(SUPPLIED RECORDS):
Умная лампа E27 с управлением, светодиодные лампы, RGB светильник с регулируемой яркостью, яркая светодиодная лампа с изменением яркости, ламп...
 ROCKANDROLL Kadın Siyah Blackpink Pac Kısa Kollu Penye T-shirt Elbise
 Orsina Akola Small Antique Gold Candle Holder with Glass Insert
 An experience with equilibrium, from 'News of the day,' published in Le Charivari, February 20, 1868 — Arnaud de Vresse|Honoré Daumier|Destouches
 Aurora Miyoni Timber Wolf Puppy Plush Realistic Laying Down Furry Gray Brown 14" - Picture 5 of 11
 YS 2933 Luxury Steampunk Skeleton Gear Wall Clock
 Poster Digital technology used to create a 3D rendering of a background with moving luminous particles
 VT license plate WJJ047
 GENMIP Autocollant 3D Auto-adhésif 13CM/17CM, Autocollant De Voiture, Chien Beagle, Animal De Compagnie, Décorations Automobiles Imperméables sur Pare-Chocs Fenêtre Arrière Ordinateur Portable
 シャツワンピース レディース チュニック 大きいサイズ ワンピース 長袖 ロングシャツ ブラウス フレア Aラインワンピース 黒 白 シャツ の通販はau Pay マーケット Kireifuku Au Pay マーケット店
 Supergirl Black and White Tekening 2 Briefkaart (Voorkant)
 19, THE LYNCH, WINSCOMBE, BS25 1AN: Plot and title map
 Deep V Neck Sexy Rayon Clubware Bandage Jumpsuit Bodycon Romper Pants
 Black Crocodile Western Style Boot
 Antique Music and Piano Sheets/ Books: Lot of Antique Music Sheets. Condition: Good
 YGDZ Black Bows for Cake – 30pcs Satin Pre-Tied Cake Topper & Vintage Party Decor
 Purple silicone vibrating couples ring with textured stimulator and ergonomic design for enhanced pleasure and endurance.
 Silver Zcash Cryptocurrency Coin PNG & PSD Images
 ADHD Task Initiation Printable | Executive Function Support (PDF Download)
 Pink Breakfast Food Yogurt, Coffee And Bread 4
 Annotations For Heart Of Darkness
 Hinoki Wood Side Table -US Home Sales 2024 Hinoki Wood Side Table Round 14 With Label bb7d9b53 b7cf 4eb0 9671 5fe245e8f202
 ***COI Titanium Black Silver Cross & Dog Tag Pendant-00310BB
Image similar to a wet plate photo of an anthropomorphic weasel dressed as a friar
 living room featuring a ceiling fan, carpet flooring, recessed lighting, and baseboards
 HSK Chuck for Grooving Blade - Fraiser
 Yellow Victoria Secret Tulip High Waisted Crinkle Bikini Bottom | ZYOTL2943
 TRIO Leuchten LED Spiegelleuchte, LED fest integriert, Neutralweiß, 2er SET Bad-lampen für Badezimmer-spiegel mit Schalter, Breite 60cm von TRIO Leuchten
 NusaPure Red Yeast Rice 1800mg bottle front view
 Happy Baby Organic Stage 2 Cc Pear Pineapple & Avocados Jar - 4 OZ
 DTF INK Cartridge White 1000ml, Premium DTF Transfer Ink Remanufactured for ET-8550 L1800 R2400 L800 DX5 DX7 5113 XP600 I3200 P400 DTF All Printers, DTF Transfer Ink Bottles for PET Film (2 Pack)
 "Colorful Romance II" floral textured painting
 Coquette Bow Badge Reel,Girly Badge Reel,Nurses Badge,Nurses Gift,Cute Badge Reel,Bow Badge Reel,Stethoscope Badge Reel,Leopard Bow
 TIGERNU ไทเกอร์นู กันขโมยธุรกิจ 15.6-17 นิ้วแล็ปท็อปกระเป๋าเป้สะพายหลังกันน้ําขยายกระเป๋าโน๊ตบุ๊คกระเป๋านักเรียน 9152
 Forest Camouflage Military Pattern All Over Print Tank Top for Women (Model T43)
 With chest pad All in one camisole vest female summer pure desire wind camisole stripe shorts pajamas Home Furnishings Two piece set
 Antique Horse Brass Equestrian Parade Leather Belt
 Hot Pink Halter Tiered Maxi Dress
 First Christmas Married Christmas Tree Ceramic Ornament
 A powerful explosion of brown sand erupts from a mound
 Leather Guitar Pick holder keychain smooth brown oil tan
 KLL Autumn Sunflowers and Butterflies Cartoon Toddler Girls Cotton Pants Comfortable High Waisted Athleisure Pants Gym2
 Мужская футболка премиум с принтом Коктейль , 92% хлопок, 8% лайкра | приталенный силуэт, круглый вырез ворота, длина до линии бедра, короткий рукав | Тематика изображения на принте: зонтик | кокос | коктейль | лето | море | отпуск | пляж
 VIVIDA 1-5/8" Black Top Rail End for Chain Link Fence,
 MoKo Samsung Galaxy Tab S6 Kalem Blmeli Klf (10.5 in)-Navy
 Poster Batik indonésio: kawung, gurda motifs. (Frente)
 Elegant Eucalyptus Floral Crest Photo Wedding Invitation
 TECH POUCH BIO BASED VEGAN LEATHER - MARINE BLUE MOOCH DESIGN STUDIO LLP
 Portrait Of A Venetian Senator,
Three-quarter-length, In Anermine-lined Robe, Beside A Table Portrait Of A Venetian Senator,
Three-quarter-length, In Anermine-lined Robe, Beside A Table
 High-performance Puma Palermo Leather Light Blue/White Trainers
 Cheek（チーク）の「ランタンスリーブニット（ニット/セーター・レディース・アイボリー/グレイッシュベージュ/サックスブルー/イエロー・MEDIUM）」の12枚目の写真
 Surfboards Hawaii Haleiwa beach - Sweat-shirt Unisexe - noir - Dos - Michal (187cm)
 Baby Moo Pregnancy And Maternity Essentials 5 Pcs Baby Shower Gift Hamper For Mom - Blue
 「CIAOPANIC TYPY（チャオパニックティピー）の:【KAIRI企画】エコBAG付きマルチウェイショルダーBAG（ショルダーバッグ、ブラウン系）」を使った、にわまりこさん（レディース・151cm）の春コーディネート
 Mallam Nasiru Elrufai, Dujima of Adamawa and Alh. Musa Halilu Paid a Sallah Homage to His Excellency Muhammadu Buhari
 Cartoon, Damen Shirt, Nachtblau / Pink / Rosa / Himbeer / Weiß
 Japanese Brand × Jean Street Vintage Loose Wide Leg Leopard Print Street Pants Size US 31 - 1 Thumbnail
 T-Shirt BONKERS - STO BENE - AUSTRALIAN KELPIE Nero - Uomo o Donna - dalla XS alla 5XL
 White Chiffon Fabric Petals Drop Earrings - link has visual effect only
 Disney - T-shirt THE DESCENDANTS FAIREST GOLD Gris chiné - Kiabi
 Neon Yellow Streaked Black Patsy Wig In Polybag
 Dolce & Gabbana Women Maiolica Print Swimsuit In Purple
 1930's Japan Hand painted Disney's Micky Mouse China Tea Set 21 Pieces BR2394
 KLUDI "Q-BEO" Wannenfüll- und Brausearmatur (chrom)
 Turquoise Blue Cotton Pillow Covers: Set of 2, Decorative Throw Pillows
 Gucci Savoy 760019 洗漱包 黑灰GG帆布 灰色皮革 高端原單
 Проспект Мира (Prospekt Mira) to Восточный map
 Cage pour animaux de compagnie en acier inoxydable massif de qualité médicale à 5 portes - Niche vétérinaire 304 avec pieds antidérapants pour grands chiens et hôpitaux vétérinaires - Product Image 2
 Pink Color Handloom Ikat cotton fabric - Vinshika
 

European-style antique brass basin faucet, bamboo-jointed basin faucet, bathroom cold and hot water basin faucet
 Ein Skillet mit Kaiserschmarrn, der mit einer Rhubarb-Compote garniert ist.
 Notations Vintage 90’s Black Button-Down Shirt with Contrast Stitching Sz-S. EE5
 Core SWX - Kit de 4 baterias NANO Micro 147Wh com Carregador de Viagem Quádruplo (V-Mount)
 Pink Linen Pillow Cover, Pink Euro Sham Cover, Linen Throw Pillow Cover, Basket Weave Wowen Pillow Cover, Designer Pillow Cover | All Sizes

(THE TASK): Make sure every record is repeated exactly.

(ANSWER TO THIS EXERCISE):
Умная лампа E27 с управлением, светодиодные лампы, RGB светильник с регулируемой яркостью, яркая светодиодная лампа с изменением яркости, ламп...
 ROCKANDROLL Kadın Siyah Blackpink Pac Kısa Kollu Penye T-shirt Elbise
 Orsina Akola Small Antique Gold Candle Holder with Glass Insert
 An experience with equilibrium, from 'News of the day,' published in Le Charivari, February 20, 1868 — Arnaud de Vresse|Honoré Daumier|Destouches
 Aurora Miyoni Timber Wolf Puppy Plush Realistic Laying Down Furry Gray Brown 14" - Picture 5 of 11
 YS 2933 Luxury Steampunk Skeleton Gear Wall Clock
 Poster Digital technology used to create a 3D rendering of a background with moving luminous particles
 VT license plate WJJ047
 GENMIP Autocollant 3D Auto-adhésif 13CM/17CM, Autocollant De Voiture, Chien Beagle, Animal De Compagnie, Décorations Automobiles Imperméables sur Pare-Chocs Fenêtre Arrière Ordinateur Portable
 シャツワンピース レディース チュニック 大きいサイズ ワンピース 長袖 ロングシャツ ブラウス フレア Aラインワンピース 黒 白 シャツ の通販はau Pay マーケット Kireifuku Au Pay マーケット店
 Supergirl Black and White Tekening 2 Briefkaart (Voorkant)
 19, THE LYNCH, WINSCOMBE, BS25 1AN: Plot and title map
 Deep V Neck Sexy Rayon Clubware Bandage Jumpsuit Bodycon Romper Pants
 Black Crocodile Western Style Boot
 Antique Music and Piano Sheets/ Books: Lot of Antique Music Sheets. Condition: Good
 YGDZ Black Bows for Cake – 30pcs Satin Pre-Tied Cake Topper & Vintage Party Decor
 Purple silicone vibrating couples ring with textured stimulator and ergonomic design for enhanced pleasure and endurance.
 Silver Zcash Cryptocurrency Coin PNG & PSD Images
 ADHD Task Initiation Printable | Executive Function Support (PDF Download)
 Pink Breakfast Food Yogurt, Coffee And Bread 4
 Annotations For Heart Of Darkness
 Hinoki Wood Side Table -US Home Sales 2024 Hinoki Wood Side Table Round 14 With Label bb7d9b53 b7cf 4eb0 9671 5fe245e8f202
 ***COI Titanium Black Silver Cross & Dog Tag Pendant-00310BB
Image similar to a wet plate photo of an anthropomorphic weasel dressed as a friar
 living room featuring a ceiling fan, carpet flooring, recessed lighting, and baseboards
 HSK Chuck for Grooving Blade - Fraiser
 Yellow Victoria Secret Tulip High Waisted Crinkle Bikini Bottom | ZYOTL2943
 TRIO Leuchten LED Spiegelleuchte, LED fest integriert, Neutralweiß, 2er SET Bad-lampen für Badezimmer-spiegel mit Schalter, Breite 60cm von TRIO Leuchten
 NusaPure Red Yeast Rice 1800mg bottle front view
 Happy Baby Organic Stage 2 Cc Pear Pineapple & Avocados Jar - 4 OZ
 DTF INK Cartridge White 1000ml, Premium DTF Transfer Ink Remanufactured for ET-8550 L1800 R2400 L800 DX5 DX7 5113 XP600 I3200 P400 DTF All Printers, DTF Transfer Ink Bottles for PET Film (2 Pack)
 "Colorful Romance II" floral textured painting
 Coquette Bow Badge Reel,Girly Badge Reel,Nurses Badge,Nurses Gift,Cute Badge Reel,Bow Badge Reel,Stethoscope Badge Reel,Leopard Bow
 TIGERNU ไทเกอร์นู กันขโมยธุรกิจ 15.6-17 นิ้วแล็ปท็อปกระเป๋าเป้สะพายหลังกันน้ําขยายกระเป๋าโน๊ตบุ๊คกระเป๋านักเรียน 9152
 Forest Camouflage Military Pattern All Over Print Tank Top for Women (Model T43)
 With chest pad All in one camisole vest female summer pure desire wind camisole stripe shorts pajamas Home Furnishings Two piece set
 Antique Horse Brass Equestrian Parade Leather Belt
 Hot Pink Halter Tiered Maxi Dress
 First Christmas Married Christmas Tree Ceramic Ornament
 A powerful explosion of brown sand erupts from a mound
 Leather Guitar Pick holder keychain smooth brown oil tan
 KLL Autumn Sunflowers and Butterflies Cartoon Toddler Girls Cotton Pants Comfortable High Waisted Athleisure Pants Gym2
 Мужская футболка премиум с принтом Коктейль , 92% хлопок, 8% лайкра | приталенный силуэт, круглый вырез ворота, длина до линии бедра, короткий рукав | Тематика изображения на принте: зонтик | кокос | коктейль | лето | море | отпуск | пляж
 VIVIDA 1-5/8" Black Top Rail End for Chain Link Fence,
 MoKo Samsung Galaxy Tab S6 Kalem Blmeli Klf (10.5 in)-Navy
 Poster Batik indonésio: kawung, gurda motifs. (Frente)
 Elegant Eucalyptus Floral Crest Photo Wedding Invitation
 TECH POUCH BIO BASED VEGAN LEATHER - MARINE BLUE MOOCH DESIGN STUDIO LLP
 Portrait Of A Venetian Senator,
Three-quarter-length, In Anermine-lined Robe, Beside A Table Portrait Of A Venetian Senator,
Three-quarter-length, In Anermine-lined Robe, Beside A Table
 High-performance Puma Palermo Leather Light Blue/White Trainers
 Cheek（チーク）の「ランタンスリーブニット（ニット/セーター・レディース・アイボリー/グレイッシュベージュ/サックスブルー/イエロー・MEDIUM）」の12枚目の写真
 Surfboards Hawaii Haleiwa beach - Sweat-shirt Unisexe - noir - Dos - Michal (187cm)
 Baby Moo Pregnancy And Maternity Essentials 5 Pcs Baby Shower Gift Hamper For Mom - Blue
 「CIAOPANIC TYPY（チャオパニックティピー）の:【KAIRI企画】エコBAG付きマルチウェイショルダーBAG（ショルダーバッグ、ブラウン系）」を使った、にわまりこさん（レディース・151cm）の春コーディネート
 Mallam Nasiru Elrufai, Dujima of Adamawa and Alh. Musa Halilu Paid a Sallah Homage to His Excellency Muhammadu Buhari
 Cartoon, Damen Shirt, Nachtblau / Pink / Rosa / Himbeer / Weiß
 Japanese Brand × Jean Street Vintage Loose Wide Leg Leopard Print Street Pants Size US 31 - 1 Thumbnail
 T-Shirt BONKERS - STO BENE - AUSTRALIAN KELPIE Nero - Uomo o Donna - dalla XS alla 5XL
 White Chiffon Fabric Petals Drop Earrings - link has visual effect only
 Disney - T-shirt THE DESCENDANTS FAIREST GOLD Gris chiné - Kiabi
 Neon Yellow Streaked Black Patsy Wig In Polybag
 Dolce & Gabbana Women Maiolica Print Swimsuit In Purple
 1930's Japan Hand painted Disney's Micky Mouse China Tea Set 21 Pieces BR2394
 KLUDI "Q-BEO" Wannenfüll- und Brausearmatur (chrom)
 Turquoise Blue Cotton Pillow Covers: Set of 2, Decorative Throw Pillows
 Gucci Savoy 760019 洗漱包 黑灰GG帆布 灰色皮革 高端原單
 Проспект Мира (Prospekt Mira) to Восточный map
 Cage pour animaux de compagnie en acier inoxydable massif de qualité médicale à 5 portes - Niche vétérinaire 304 avec pieds antidérapants pour grands chiens et hôpitaux vétérinaires - Product Image 2
 Pink Color Handloom Ikat cotton fabric - Vinshika
 

European-style antique brass basin faucet, bamboo-jointed basin faucet, bathroom cold and hot water basin faucet
 Ein Skillet mit Kaiserschmarrn, der mit einer Rhubarb-Compote garniert ist.
 Notations Vintage 90’s Black Button-Down Shirt with Contrast Stitching Sz-S. EE5
 Core SWX - Kit de 4 baterias NANO Micro 147Wh com Carregador de Viagem Quádruplo (V-Mount)
 Pink Linen Pillow Cover, Pink Euro Sham Cover, Linen Throw Pillow Cover, Basket Weave Wowen Pillow Cover, Designer Pillow Cover | All Sizes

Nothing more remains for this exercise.